December 13 is Lucia Day, and the longest night of the year. Lucia is associated both with light (through the martyr, Saint Lucia of Syracuse), and also with Lucifer (through Lucia, Adam's first wife who is said to have consorted with the Devil). Although both stories are remembered, Lucia seems to have taken on, above all, the more positive role as a symbol of light in the dark Swedish winters, and as a symbol of growth for man and beast. She is a figure who emerged from obscurity at a time when light and nourishment were most needed.

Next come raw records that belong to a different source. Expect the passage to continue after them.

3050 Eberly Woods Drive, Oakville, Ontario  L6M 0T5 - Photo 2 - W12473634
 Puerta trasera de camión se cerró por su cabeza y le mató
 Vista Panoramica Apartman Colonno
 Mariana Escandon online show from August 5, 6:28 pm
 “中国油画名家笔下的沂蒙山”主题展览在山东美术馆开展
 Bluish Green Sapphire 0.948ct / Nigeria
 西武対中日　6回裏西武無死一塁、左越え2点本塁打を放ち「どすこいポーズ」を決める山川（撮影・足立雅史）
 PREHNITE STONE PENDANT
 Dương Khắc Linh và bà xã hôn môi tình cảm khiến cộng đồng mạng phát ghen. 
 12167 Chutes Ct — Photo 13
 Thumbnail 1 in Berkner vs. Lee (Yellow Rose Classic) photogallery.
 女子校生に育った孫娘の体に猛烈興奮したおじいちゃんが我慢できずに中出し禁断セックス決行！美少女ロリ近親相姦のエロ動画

Each year, a Lucia (Queen of Light) is chosen from every establishment country-wide (schools, clubs, etc). The elected girl is dressed in a white gown with a crown of candles in her hair, and she delivers coffee, cat-shaped buns ('lussekatter') and glögg. She is usually accompanied by a train of handmaidens, also dressed in white. The girls wear glitter in their hair and the boys wear tall paper cone hats decorated with stars and, while handing out the food and wine, they sing traditional Lucia carols.
Lucia elections are a seriously competitive business. A national Lucia is selected and announced on television, and every town and village has its own contenders who appear in the local newspaper some time in advance. With Sweden's staunchly socialist mentality, this process is surprisingly beauty contest-esque, but then exceptions are made on exceptional days. The winners are paraded around towns, spreading joy and song in supermarkets, factories and hospitals. The Lucia songs are commonly known, so everyone can join in. The angelic tone of children's voices and the gentle glow of candlelight make this day an emotive one.